Trascurando le nuove religioni e l’ateismo, le differenze tra Ortodossia e Cattolicesimo giocano qui un ruolo fondamentale. L’uomo cattolico pratica il rapporto con Dio tramite il sacerdote: dalla Comunione al perdono dei peccati, il cattolico si affida all’intermediario attraverso il rito. La responsabilità della sacralità non ricade sul credente, ma sull’atto ritualistico, ad esempio la penitenza. Al contrario, il vero credente Ortodosso pratica la deificazione: entra in una relazione trasformativa con Dio, nella quale la penitenza dei peccati non si ferma al rito, ma a un cambiamento radicale di spirito. Vediamo così che l’integrità e la coerenza tra fede e pratica, in quanto essenziale per la sopravvivenza spirituale, assicura al logos russo un’unità tra le virtù essenziali per la creazione della società ideale. 

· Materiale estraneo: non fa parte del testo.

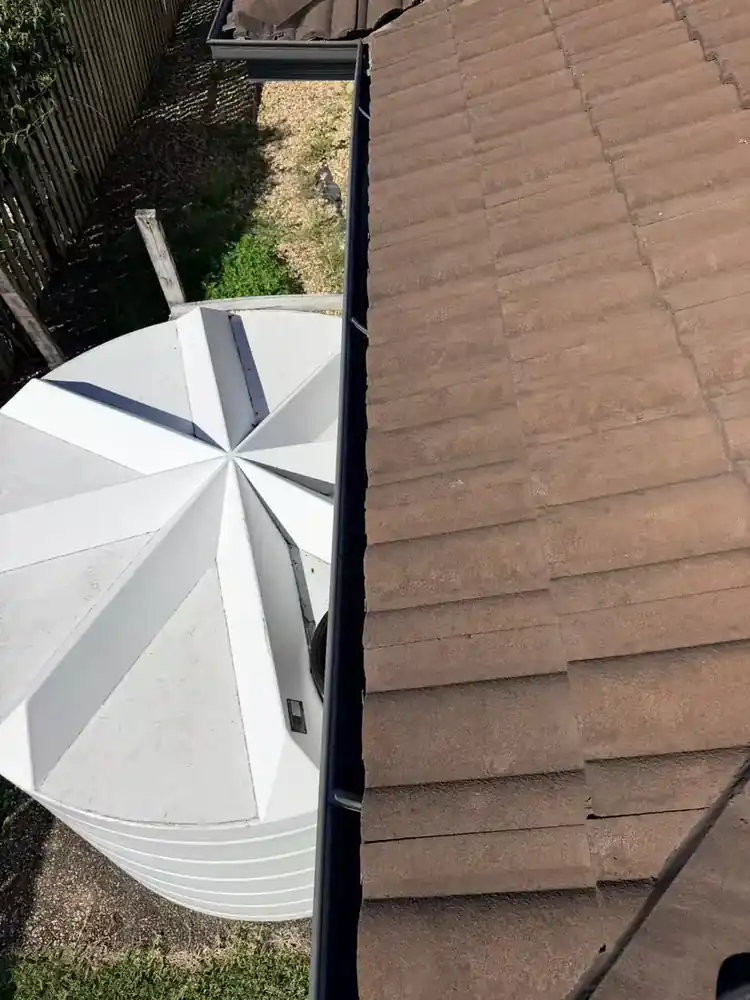 Owner-supplied roof-edge overview with adjacent rainwater tank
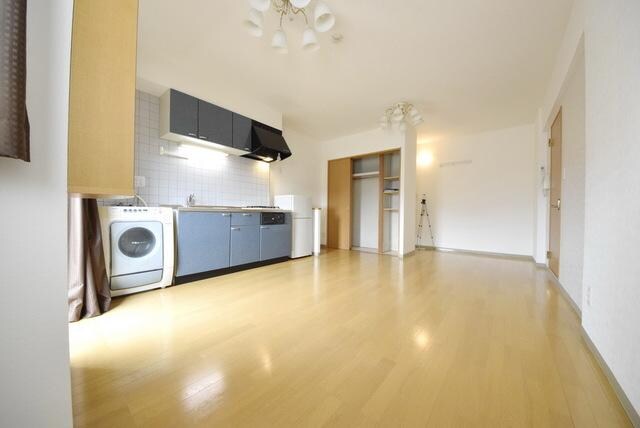 az haus(アーツェットハウス)の物件内観写真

In termini di macrostruttura, non possiamo affermare che la soluzione russa sia facilmente applicabile al mondo occidentale. Quello che però sappiamo, è che a differenza dei nostri limes, veri e propri fronti di attacco, la granitza (frontiera) multipolare è piuttosto uno spazio di collegamento tra logoi, che ammette diversità e scambio tra civiltà anche diverse tra loro, senza la necessità dell’appiattimento borghese tra strutture sociali. La sfida è riuscire a seppellire definitivamente la vecchia Europa, smetterla di guardare al resto del mondo come grancassa del nostro megaloego, ormai morente, rileggerci e riassettare le virtù europee, senza esotismi ma con le giuste ammissioni di colpa. Stavolta, senza intermediari.